Staff at Whitehorse’s Blood Ties Four Directions have been looking for somewhere for their tiny house ever since they were given an August deadline to get off the land loaned to them for the last four years.

The house has been unplugged from water and sewer and is being moved into storage the same way you might store an RV, said Blood Ties executive director Patricia Bacon.

“It’s really sad and difficult right now to be taking our little house and moving it into a storage facility where we can’t use it for an unknown length of time.”

If a new location isn’t found before the ground freezes, the tiny house will have to stay in storage until things warm up in the spring.

“I’d like to be hopeful that in the long run we will find something and that this program is only temporarily being shut down and not permanently shut down,” Bacon said.

“That’s what I’m hoping for in terms of long-term outcomes, but it’s a bummer for sure.”

The 240-square-foot Steve Cardiff House is meant to provide a home for someone who might be hard to house otherwise. The idea is that with the safety of a roof over their head — and support from Blood Ties staff — the tenant is more likely to be able to make positive changes in their life.

Since it opened, five people have stayed in the house for up to a year.

The tenant could be someone struggling with homelessness, coming out of a treatment program, or coming out of jail, for example.

No one has been made homeless by the house shutting down.
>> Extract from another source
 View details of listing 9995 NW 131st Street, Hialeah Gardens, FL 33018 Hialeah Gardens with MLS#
The person who was living there this summer has found a new place to live, Bacon said.

When news of the pending move of the house was made public, the organization got a couple of leads on possible new locations but nothing panned out, Bacon said.
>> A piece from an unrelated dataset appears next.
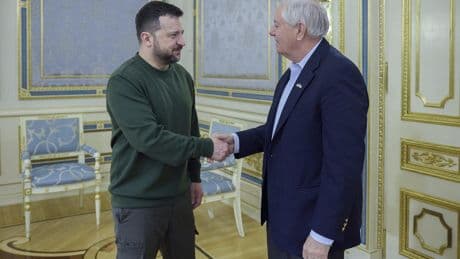 États-Unis : Lindsey Graham, un sénateur républicain en campagne contre la Russie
She’s still optimistic that a solution will be found eventually.

A new home for the Steve Cardiff House should be close to city bus routes so the person who lives there has access to work or public services.

The house needs about 600 square feet of space and to tie into the city’s water and sewer.

“It’s not an easy ask and we recognize that. It’s a big decision for somebody to say, ‘Okay, I would like to have the Steve Cardiff house on my property or in my backyard,’” she said.

“It is a big ask. Sometimes with these things people need a little more time to really think about it and really think about how they might be able to help.”